A shop worker explained festival-goers shop there for cheaper drinks, queueing out of the door until all stock is used up. Last year a pint of lager at Glastonbury was around £6, though prices are likely to go up even more this year.
As we wander around chatting to locals, it’s clear the festival is mostly viewed in a positive light – not least because everyone who lives there gets a free ticket, worth £355.
Amber Westmacott, 26, and Ash Thick, 27, a builder, moved to Pilton five years ago, and rent one of 52 new properties built on land donated by Michael Eavis.
The live there with their children Chester, six, Carter, four, and two-year-old Luna.

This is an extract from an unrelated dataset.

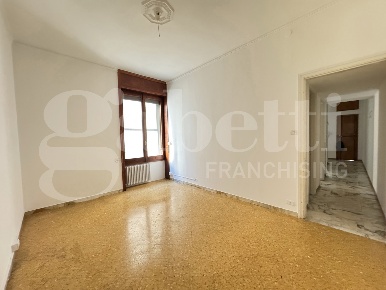 Foto Appartamento in Via Campania 8, Lecce Centro Storico di 170 m²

Admin assistant Amber told The Sun: “We didn’t move because of the free festival tickets, but it’s great that they come with it.
“The Eavis family do a lot for the community, because they’ve grown up here and because they want to give back. Michael himself is very approachable, and Emily is friendly too.

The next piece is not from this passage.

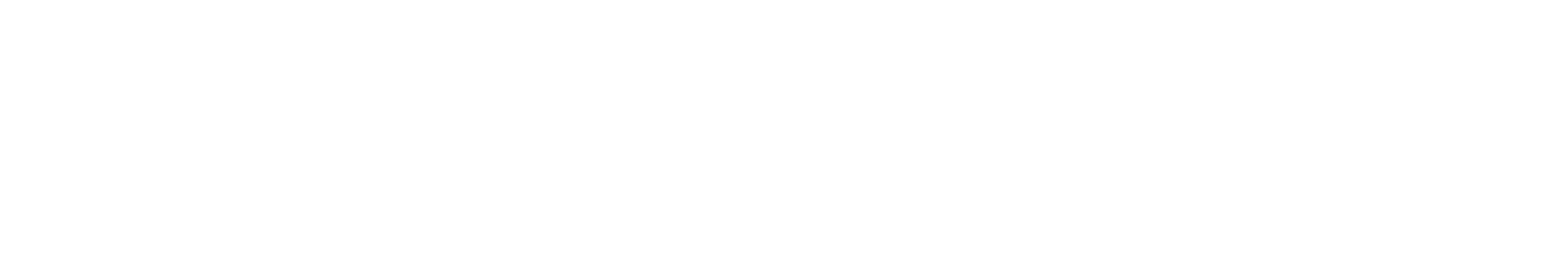 Smalticeram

“They obviously want the festival to cause as little stress as possible to the villagers, so we’re offered free tickets which we apply for online and then collect at the village hall.
“We always go to Glastonbury, and take the kids for the experience and atmosphere, but we don’t do the whole site as it’s too tiring for them.

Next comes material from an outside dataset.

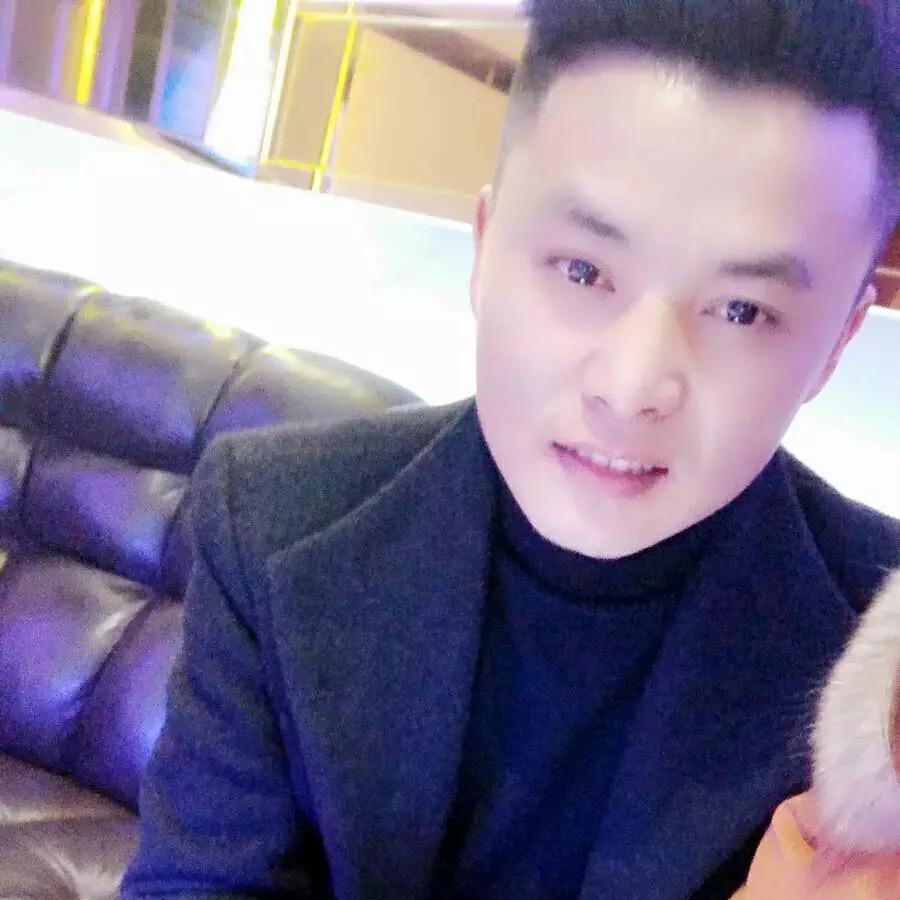 莹子爸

“You can transfer the tickets to family, or you’re given the option to sell the tickets back to the festival at face value if you don’t want them, and lots of people do that and go on holiday instead.”
Although road closures around the village and the surrounding area are heavily guarded by the marshals with radios, locals come and go as they please with car-parking passes visible in their windscreens.
Otherwise, cars are stopped and asked where they are going, even in the days leading up to the festival, just in case anyone is planning to sneak in ahead of time.
John Pratt is a retired education officer who has lived in the village for 23 years.
He said: “When I first came here, I remember there were people walking the streets carrying cider or beer and it could be a bit scary because you weren’t quite sure if they were going to be friendly or not.”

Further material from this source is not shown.